Assigned task: Without skipping anything, write out each record below exactly.

Data extracted from a collection:
******

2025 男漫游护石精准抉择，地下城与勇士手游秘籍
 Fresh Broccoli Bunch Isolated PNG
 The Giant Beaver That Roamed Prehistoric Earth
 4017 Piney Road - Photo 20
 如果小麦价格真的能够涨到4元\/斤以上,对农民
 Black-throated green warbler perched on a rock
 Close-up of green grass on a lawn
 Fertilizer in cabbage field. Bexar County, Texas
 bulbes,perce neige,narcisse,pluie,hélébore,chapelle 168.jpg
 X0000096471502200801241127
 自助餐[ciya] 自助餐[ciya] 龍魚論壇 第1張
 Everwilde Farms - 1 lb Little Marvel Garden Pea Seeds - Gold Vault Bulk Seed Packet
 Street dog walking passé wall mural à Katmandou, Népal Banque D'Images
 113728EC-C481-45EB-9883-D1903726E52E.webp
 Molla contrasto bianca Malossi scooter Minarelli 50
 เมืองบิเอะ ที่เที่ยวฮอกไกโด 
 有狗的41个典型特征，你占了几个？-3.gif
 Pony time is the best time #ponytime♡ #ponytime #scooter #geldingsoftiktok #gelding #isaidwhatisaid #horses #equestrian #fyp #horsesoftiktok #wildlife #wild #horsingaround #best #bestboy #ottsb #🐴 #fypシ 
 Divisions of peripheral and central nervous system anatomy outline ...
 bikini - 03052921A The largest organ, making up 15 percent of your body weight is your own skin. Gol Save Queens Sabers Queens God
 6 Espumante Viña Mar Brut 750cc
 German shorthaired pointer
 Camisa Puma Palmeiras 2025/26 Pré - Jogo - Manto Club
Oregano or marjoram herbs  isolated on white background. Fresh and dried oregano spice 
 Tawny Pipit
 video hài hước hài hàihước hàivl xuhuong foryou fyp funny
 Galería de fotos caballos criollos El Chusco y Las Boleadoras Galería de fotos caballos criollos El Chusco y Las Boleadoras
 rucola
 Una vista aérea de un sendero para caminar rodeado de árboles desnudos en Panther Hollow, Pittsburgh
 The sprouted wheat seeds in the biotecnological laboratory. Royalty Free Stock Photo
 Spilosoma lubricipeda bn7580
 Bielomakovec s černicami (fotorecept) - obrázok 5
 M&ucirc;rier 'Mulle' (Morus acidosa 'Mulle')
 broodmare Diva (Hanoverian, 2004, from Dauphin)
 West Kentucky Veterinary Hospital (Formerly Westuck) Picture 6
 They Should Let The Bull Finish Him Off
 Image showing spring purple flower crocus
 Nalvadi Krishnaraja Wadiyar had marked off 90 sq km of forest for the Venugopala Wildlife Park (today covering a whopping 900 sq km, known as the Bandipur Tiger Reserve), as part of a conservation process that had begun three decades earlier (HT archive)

******

Solved problem:
2025 男漫游护石精准抉择，地下城与勇士手游秘籍
 Fresh Broccoli Bunch Isolated PNG
 The Giant Beaver That Roamed Prehistoric Earth
 4017 Piney Road - Photo 20
 如果小麦价格真的能够涨到4元\/斤以上,对农民
 Black-throated green warbler perched on a rock
 Close-up of green grass on a lawn
 Fertilizer in cabbage field. Bexar County, Texas
 bulbes,perce neige,narcisse,pluie,hélébore,chapelle 168.jpg
 X0000096471502200801241127
 自助餐[ciya] 自助餐[ciya] 龍魚論壇 第1張
 Everwilde Farms - 1 lb Little Marvel Garden Pea Seeds - Gold Vault Bulk Seed Packet
 Street dog walking passé wall mural à Katmandou, Népal Banque D'Images
 113728EC-C481-45EB-9883-D1903726E52E.webp
 Molla contrasto bianca Malossi scooter Minarelli 50
 เมืองบิเอะ ที่เที่ยวฮอกไกโด 
 有狗的41个典型特征，你占了几个？-3.gif
 Pony time is the best time #ponytime♡ #ponytime #scooter #geldingsoftiktok #gelding #isaidwhatisaid #horses #equestrian #fyp #horsesoftiktok #wildlife #wild #horsingaround #best #bestboy #ottsb #🐴 #fypシ 
 Divisions of peripheral and central nervous system anatomy outline ...
 bikini - 03052921A The largest organ, making up 15 percent of your body weight is your own skin. Gol Save Queens Sabers Queens God
 6 Espumante Viña Mar Brut 750cc
 German shorthaired pointer
 Camisa Puma Palmeiras 2025/26 Pré - Jogo - Manto Club
Oregano or marjoram herbs  isolated on white background. Fresh and dried oregano spice 
 Tawny Pipit
 video hài hước hài hàihước hàivl xuhuong foryou fyp funny
 Galería de fotos caballos criollos El Chusco y Las Boleadoras Galería de fotos caballos criollos El Chusco y Las Boleadoras
 rucola
 Una vista aérea de un sendero para caminar rodeado de árboles desnudos en Panther Hollow, Pittsburgh
 The sprouted wheat seeds in the biotecnological laboratory. Royalty Free Stock Photo
 Spilosoma lubricipeda bn7580
 Bielomakovec s černicami (fotorecept) - obrázok 5
 M&ucirc;rier 'Mulle' (Morus acidosa 'Mulle')
 broodmare Diva (Hanoverian, 2004, from Dauphin)
 West Kentucky Veterinary Hospital (Formerly Westuck) Picture 6
 They Should Let The Bull Finish Him Off
 Image showing spring purple flower crocus
 Nalvadi Krishnaraja Wadiyar had marked off 90 sq km of forest for the Venugopala Wildlife Park (today covering a whopping 900 sq km, known as the Bandipur Tiger Reserve), as part of a conservation process that had begun three decades earlier (HT archive)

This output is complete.